En tiempos difíciles, cuando la desventura invade al corazón individual y al de la Patria, estas palabras antiguas, adquieren asombrosa vigencia: “Entonces la inteligencia, libre de pasiones, es una ciudadela. Nadie puede retirarse a otro lugar más inalcanzable y seguro. Quien no se ha dado cuenta es un ignorante, pero quien lo sabe y no se refugia es un desgraciado”.
Y finalmente estos consejos, válidos para príncipes y pueblo llano. Normas de vida saludables que nos mantendrán serenos, equilibrados, mientras afuera continúen aullando los actuales lobos vestidos de ovejas, aquellos que creen vanamente que no pasarán.
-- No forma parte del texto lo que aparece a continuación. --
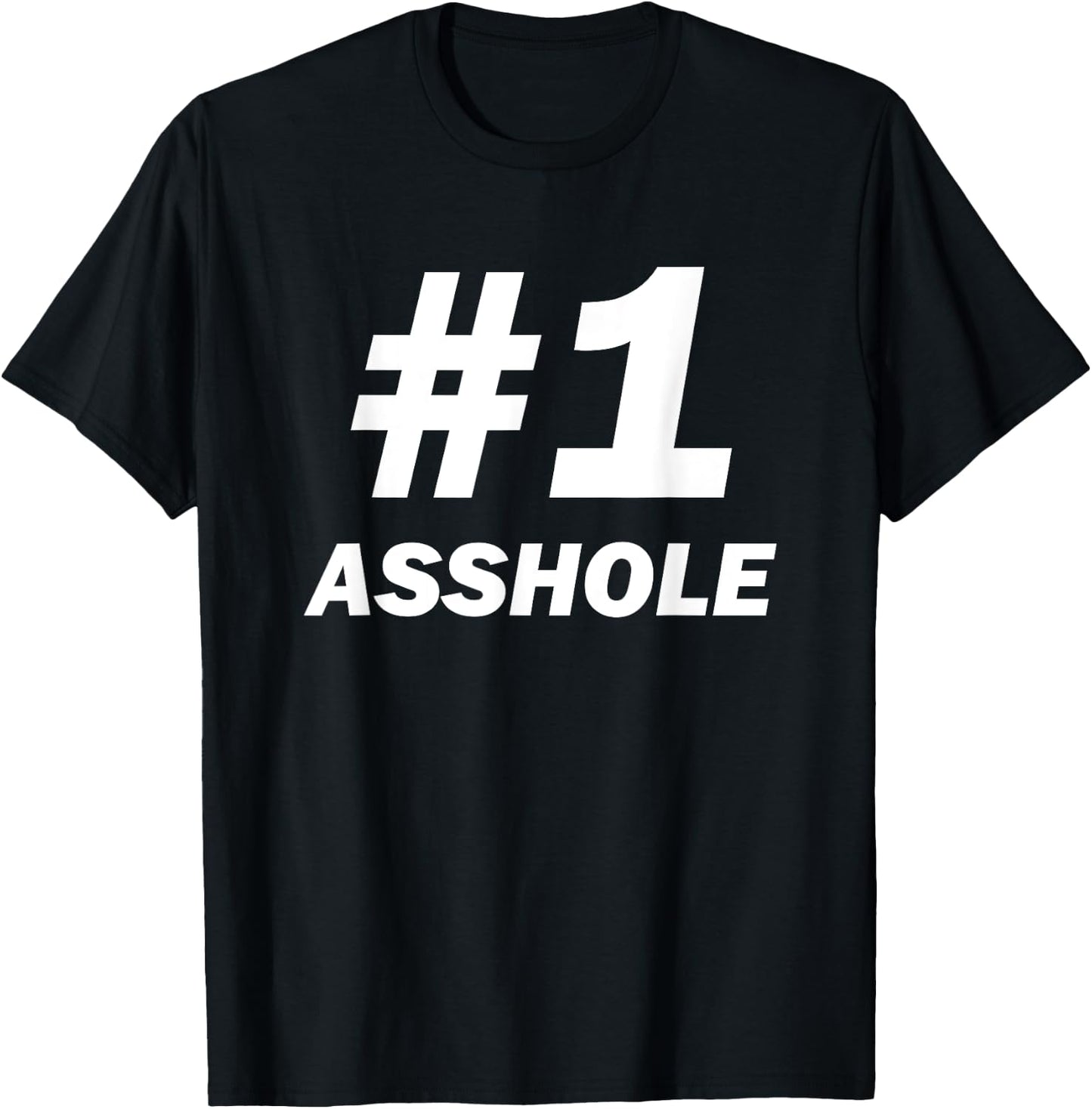 #1 Asshole For Sarcastic Assholes In Life, Work and Home T-Shirt - T-Shirt | Black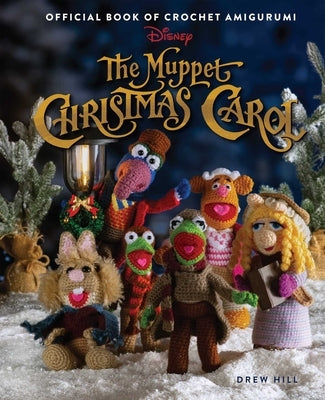 The Muppet Christmas Carol: Official Book of Crochet Amigurumi by Hill, Drew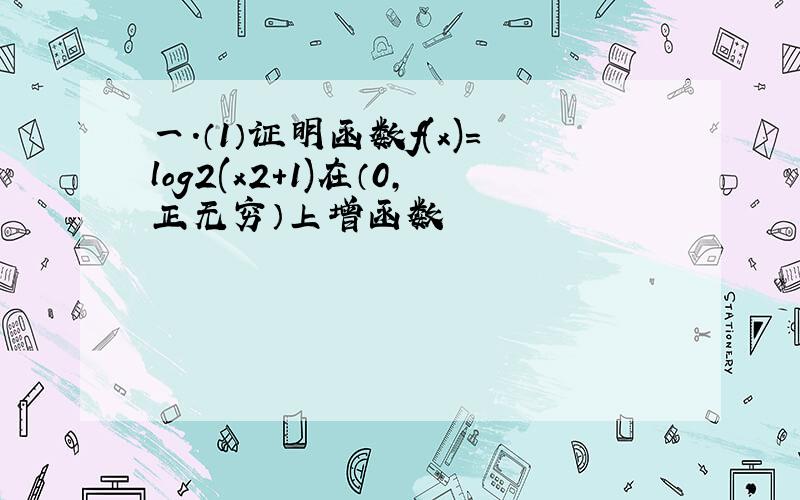 一.（1）证明函数f(x)=log2(x2+1)在（0,正无穷）上增函数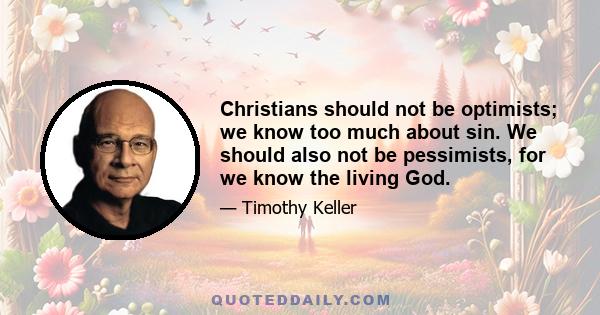 Christians should not be optimists; we know too much about sin. We should also not be pessimists, for we know the living God.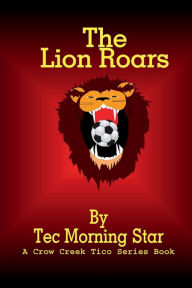 Title: The Lion Roars, Author: Tecumapese Morning Star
Pongamos oídos atentos: “Sé vigilante, no te cesarices, no te empapes en púrpura, cosa que ocurre. Mantente, por tanto, sencillo, bueno, puro, digno, sin pompa, amigo de lo justo, piadoso, bien intencionado, afectivo, fuerte para ejecutar lo conveniente. Lucha para permanecer, así como te quiso hacer la filosofía. Respeta a los dioses, salva a los hombres. La vida es corta, el único fruto de la existencia sobre la tierra es una disposición virtuosa y unas acciones comunitarias. En todo como discípulo de Antonino: su vigor a favor de acciones realizadas de acuerdo con la razón, su equilibrio en todo, su virtud, la calma de su rostro, su dulzura, su ausencia de vanagloria, su empeño para captar los asuntos. Cómo no rechazaba nada en absoluto sin considerarlo antes mucho y reflexionarlo con seguridad. Cómo soportaba a los que lo criticaban injustamente sin criticarlos a su vez. Cómo no se apresuraba para nada, cómo no aceptaba las calumnias. Cómo era un examinador riguroso de los comportamientos y de las acciones, pero ni crítico, ni asustadizo ante rumores, ni sospechoso, ni enrevesado. Cómo se conformaba con poco, así en la vivienda, en el lecho, en el vestir, en el alimento, en su servidumbre. Cómo era sufrido y perseverante. Capaz de permanecer quieto hasta la tarde gracias a su dieta frugal, sin necesidad de evacuar fuera de la hora acostumbrada. Su firmeza y uniformidad con sus amistades. Soportar a los que se expresaban con libertad contra sus opiniones y agradecérselo si alguno mostraba una mejor. Cómo era piadoso con los dioses sin temores supersticiosos. Que la última hora te llegue con igual de buena conciencia que a él”.